=== Section Start ===

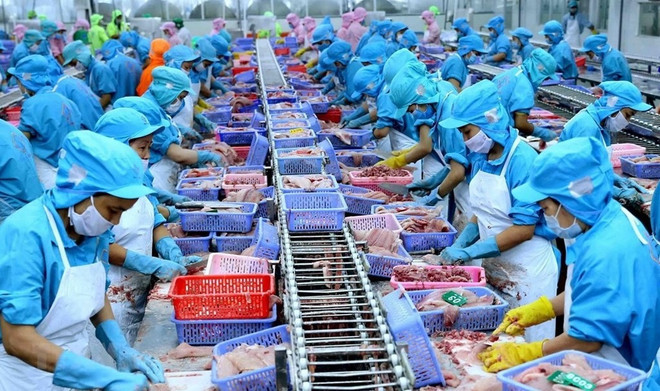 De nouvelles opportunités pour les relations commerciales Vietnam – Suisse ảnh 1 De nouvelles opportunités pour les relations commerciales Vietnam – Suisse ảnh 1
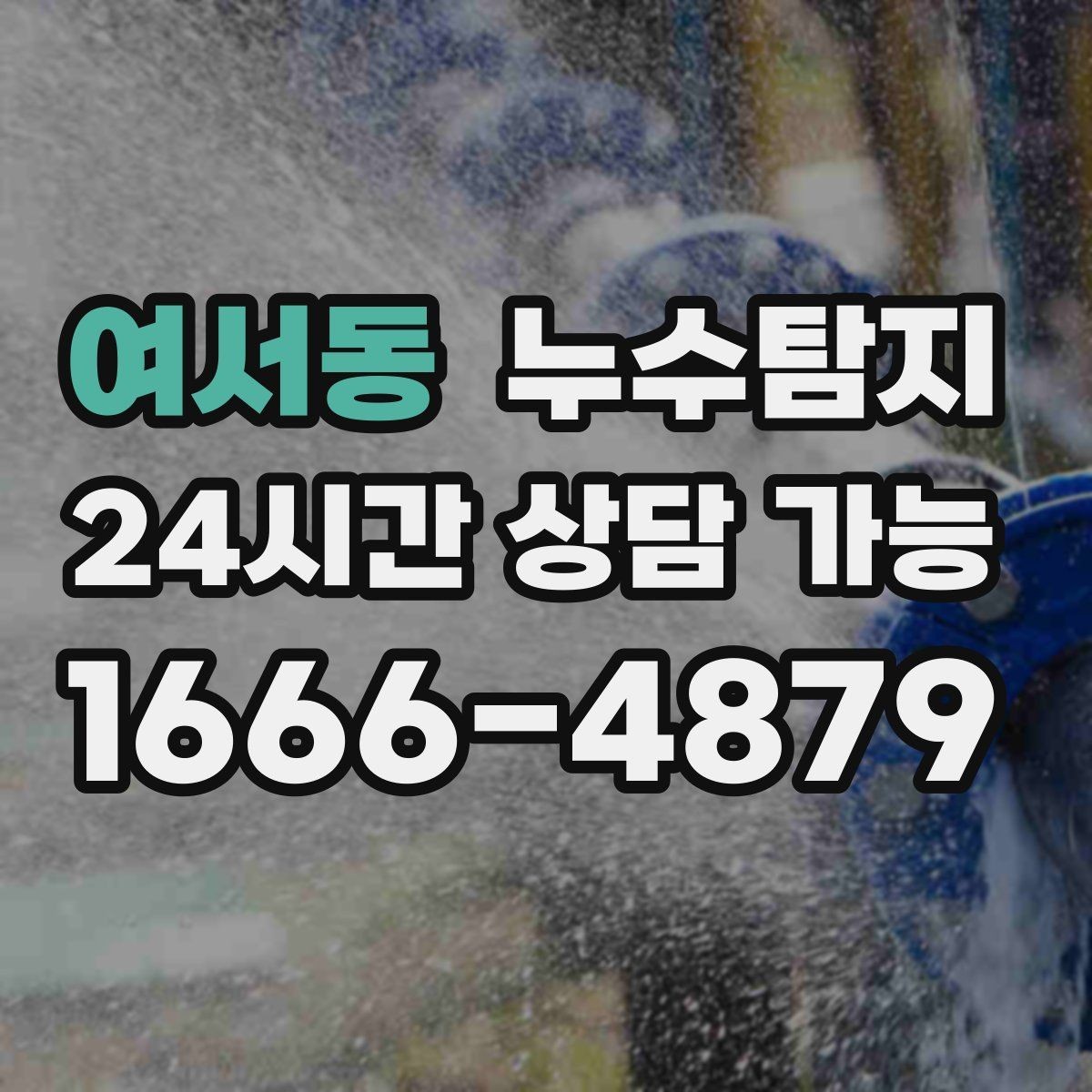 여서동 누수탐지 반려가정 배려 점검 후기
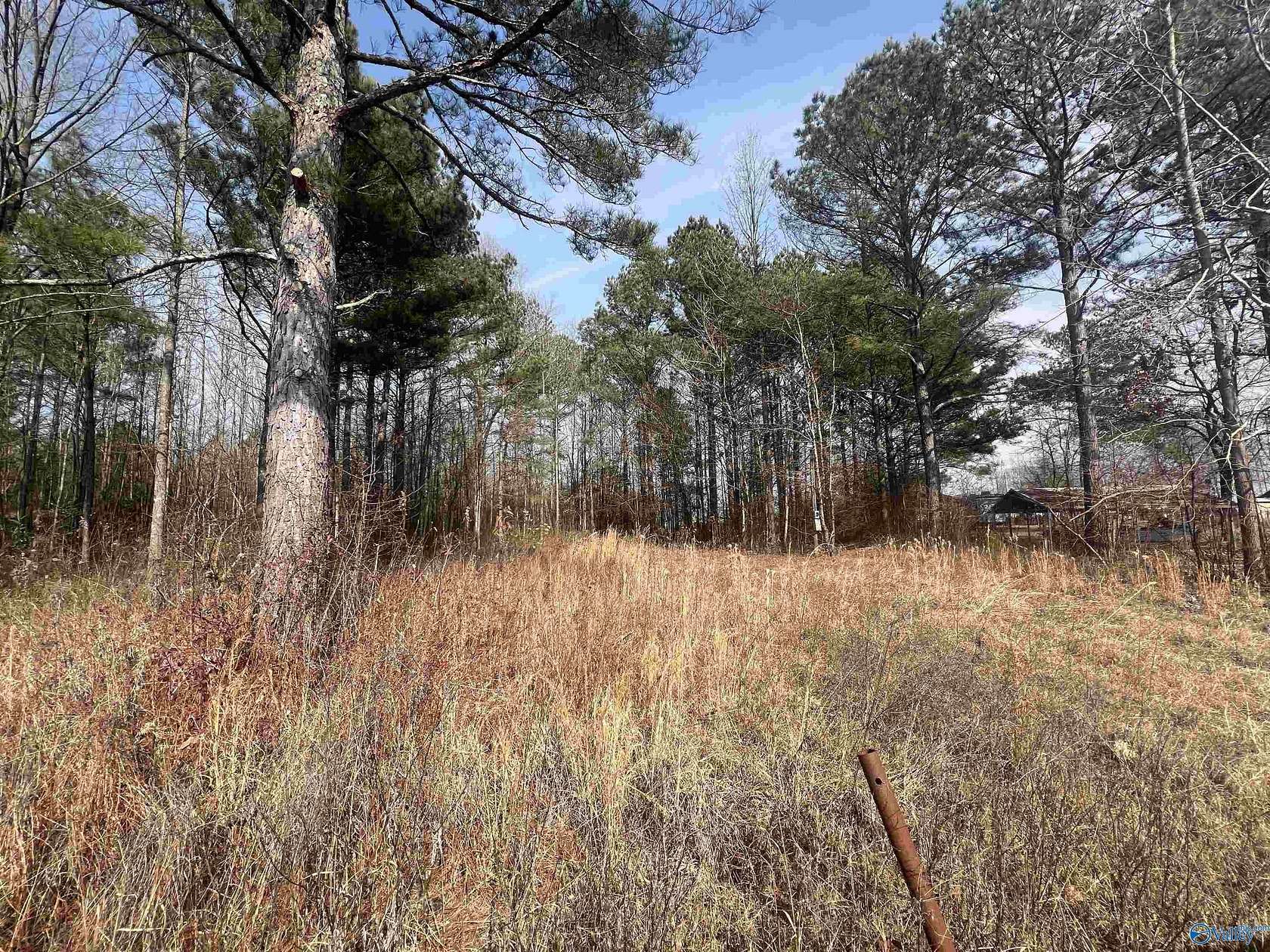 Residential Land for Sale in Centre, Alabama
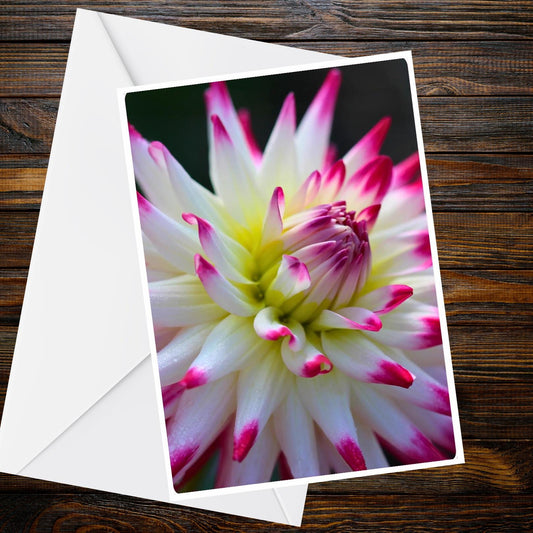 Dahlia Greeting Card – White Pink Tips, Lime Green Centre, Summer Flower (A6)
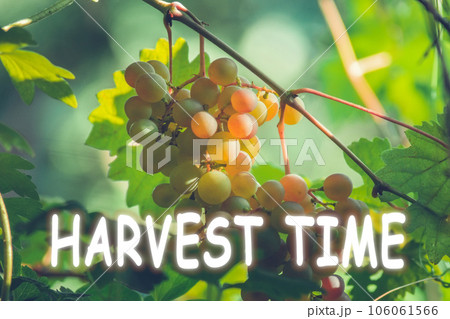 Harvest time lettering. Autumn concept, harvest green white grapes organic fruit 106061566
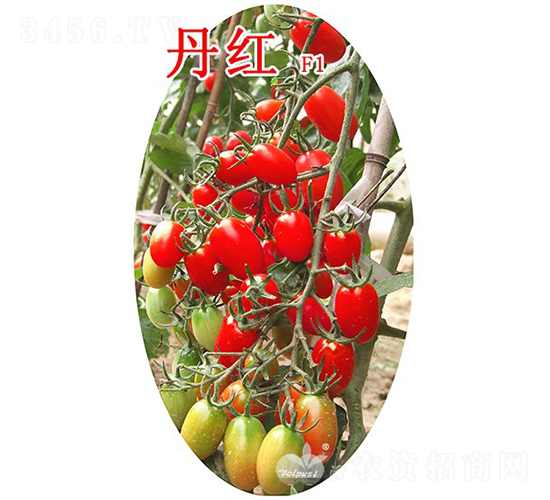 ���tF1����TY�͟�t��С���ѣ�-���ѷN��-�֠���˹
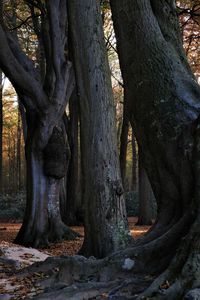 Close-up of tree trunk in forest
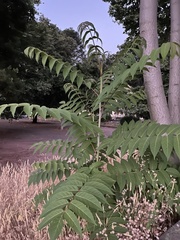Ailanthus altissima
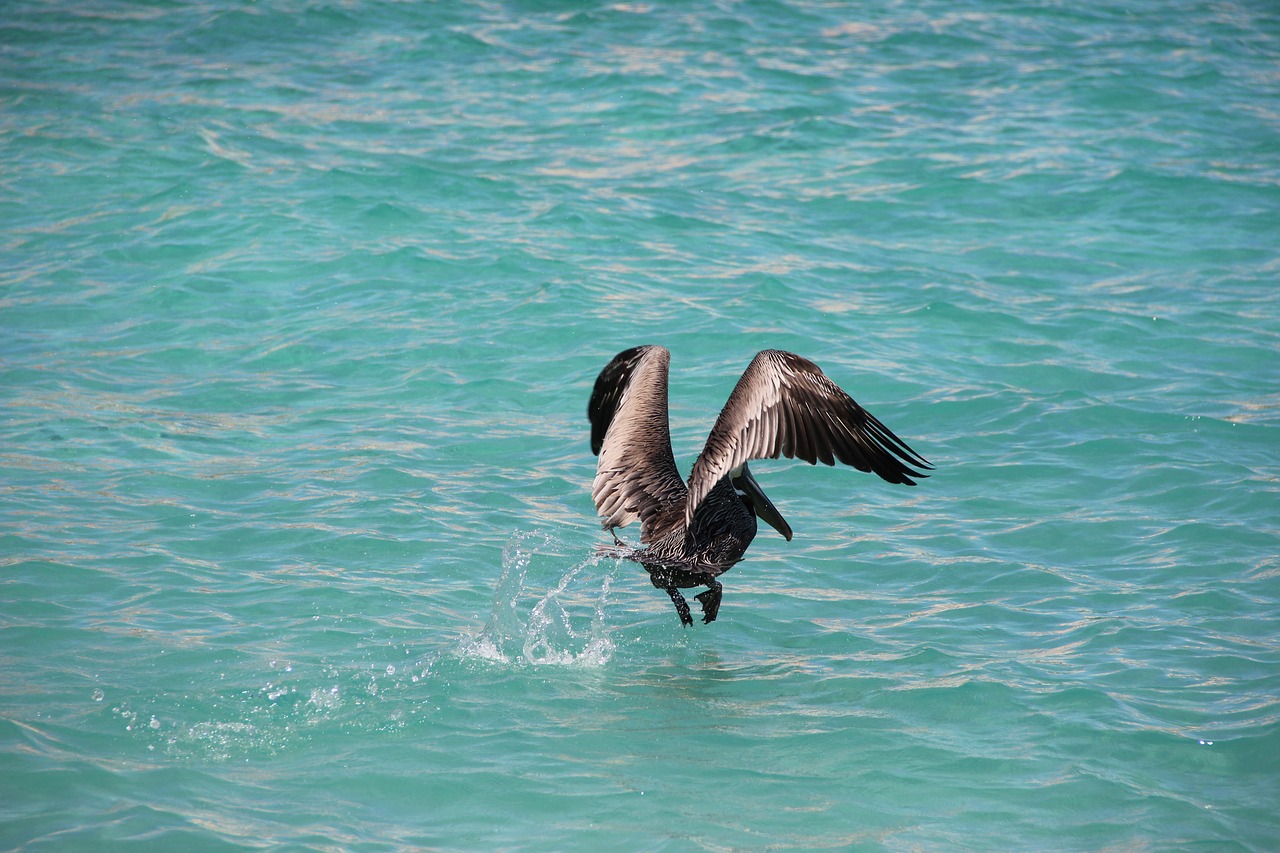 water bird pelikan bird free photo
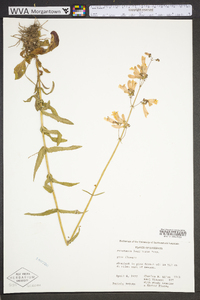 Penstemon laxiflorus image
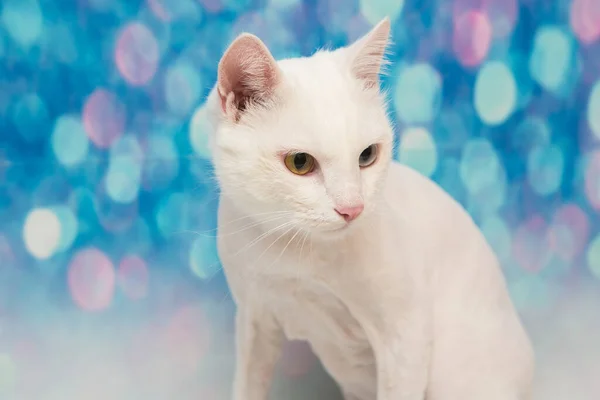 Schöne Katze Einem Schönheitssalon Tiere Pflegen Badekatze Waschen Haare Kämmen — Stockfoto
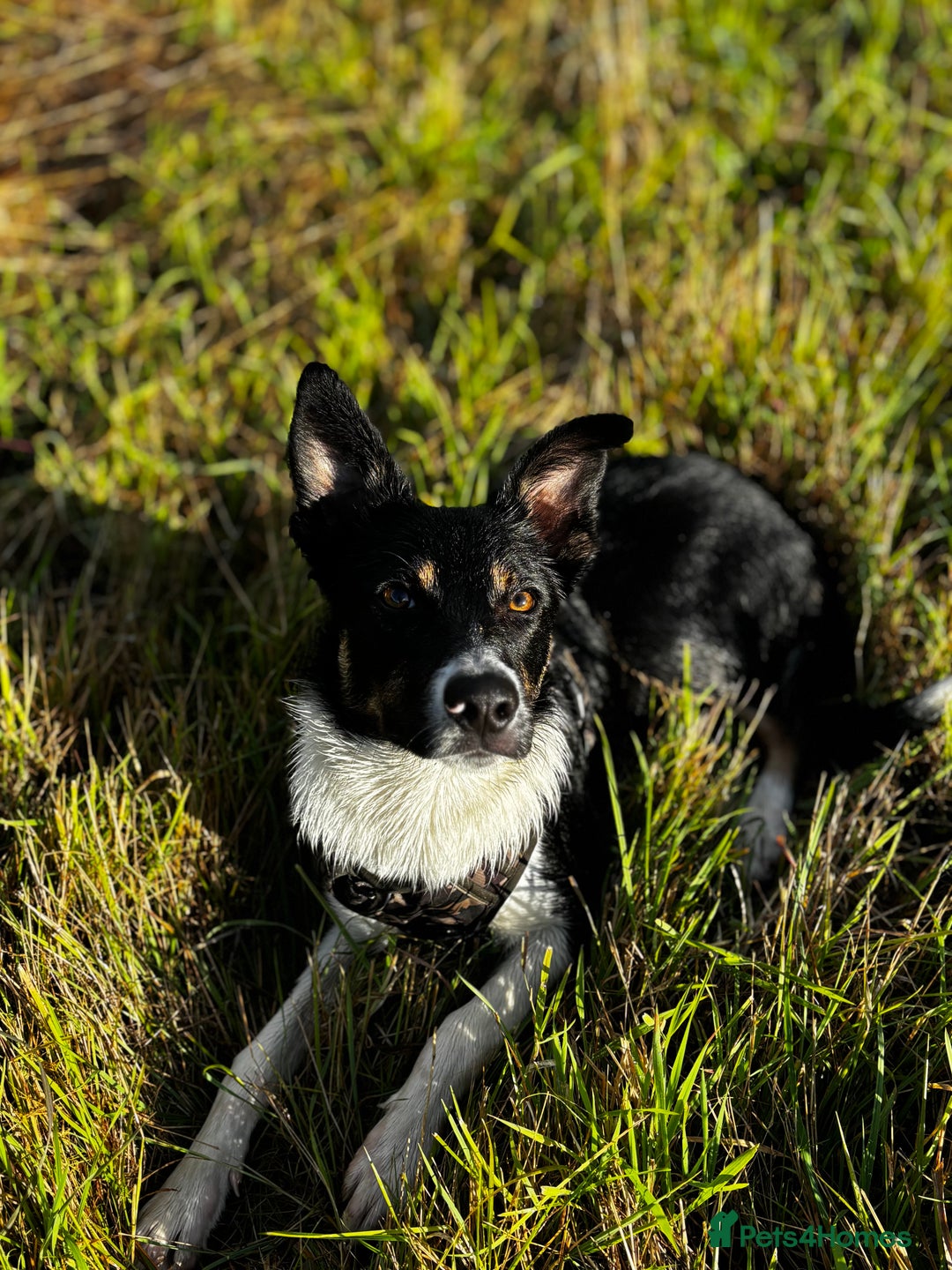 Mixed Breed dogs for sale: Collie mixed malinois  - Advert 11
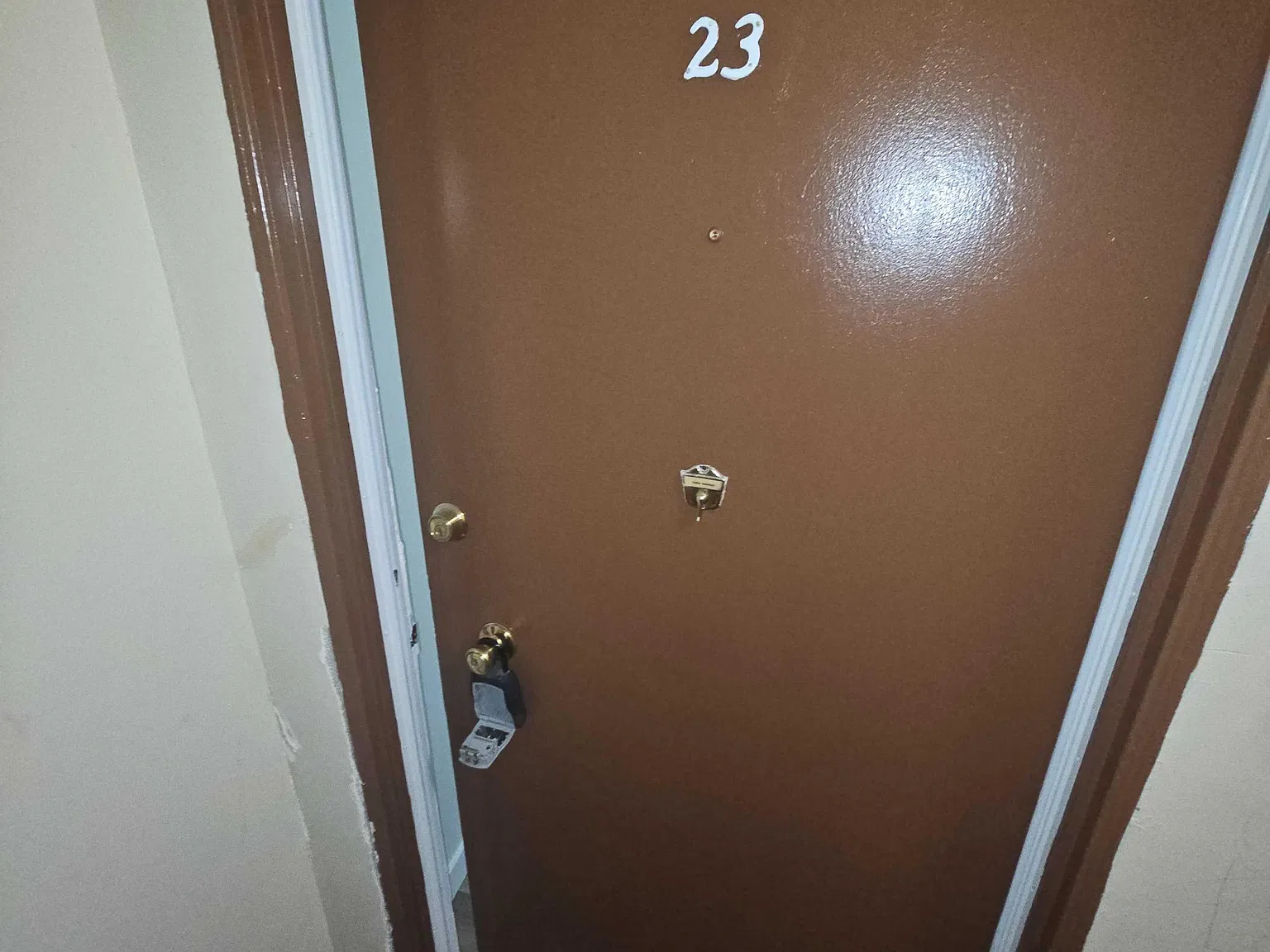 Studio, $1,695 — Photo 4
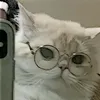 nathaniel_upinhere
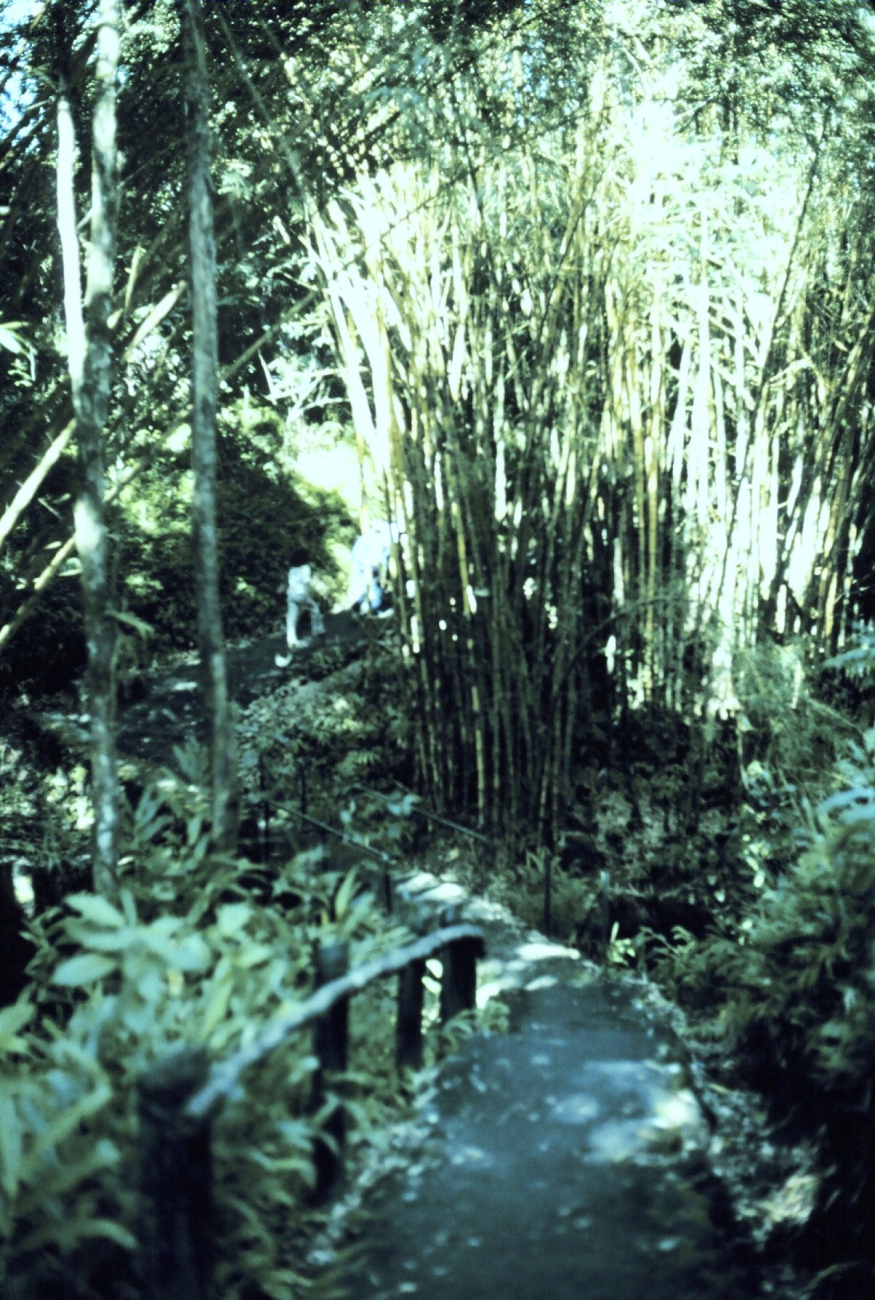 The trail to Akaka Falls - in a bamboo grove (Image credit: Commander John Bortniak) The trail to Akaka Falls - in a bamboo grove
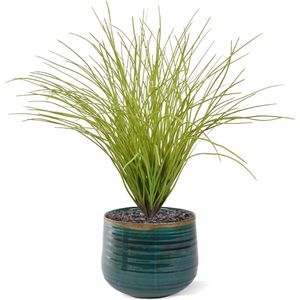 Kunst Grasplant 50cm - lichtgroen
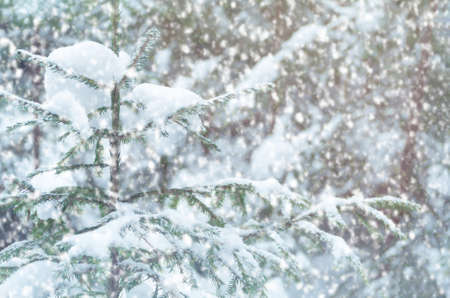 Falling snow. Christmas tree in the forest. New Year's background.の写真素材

=== Section End ===

§ What you have to do
Output the full material exactly as given, without its pictures.

§ Exercise answer
 De nouvelles opportunités pour les relations commerciales Vietnam – Suisse ảnh 1 De nouvelles opportunités pour les relations commerciales Vietnam – Suisse ảnh 1
 여서동 누수탐지 반려가정 배려 점검 후기
 Residential Land for Sale in Centre, Alabama
 Dahlia Greeting Card – White Pink Tips, Lime Green Centre, Summer Flower (A6)
 Harvest time lettering. Autumn concept, harvest green white grapes organic fruit 106061566
 ���tF1����TY�͟�t��С���ѣ�-���ѷN��-�֠���˹
 Close-up of tree trunk in forest
Ailanthus altissima
 water bird pelikan bird free photo
 Penstemon laxiflorus image
 Schöne Katze Einem Schönheitssalon Tiere Pflegen Badekatze Waschen Haare Kämmen — Stockfoto
 Mixed Breed dogs for sale: Collie mixed malinois  - Advert 11
 Studio, $1,695 — Photo 4
 nathaniel_upinhere
 The trail to Akaka Falls - in a bamboo grove (Image credit: Commander John Bortniak) The trail to Akaka Falls - in a bamboo grove
 Kunst Grasplant 50cm - lichtgroen
 Falling snow. Christmas tree in the forest. New Year's background.の写真素材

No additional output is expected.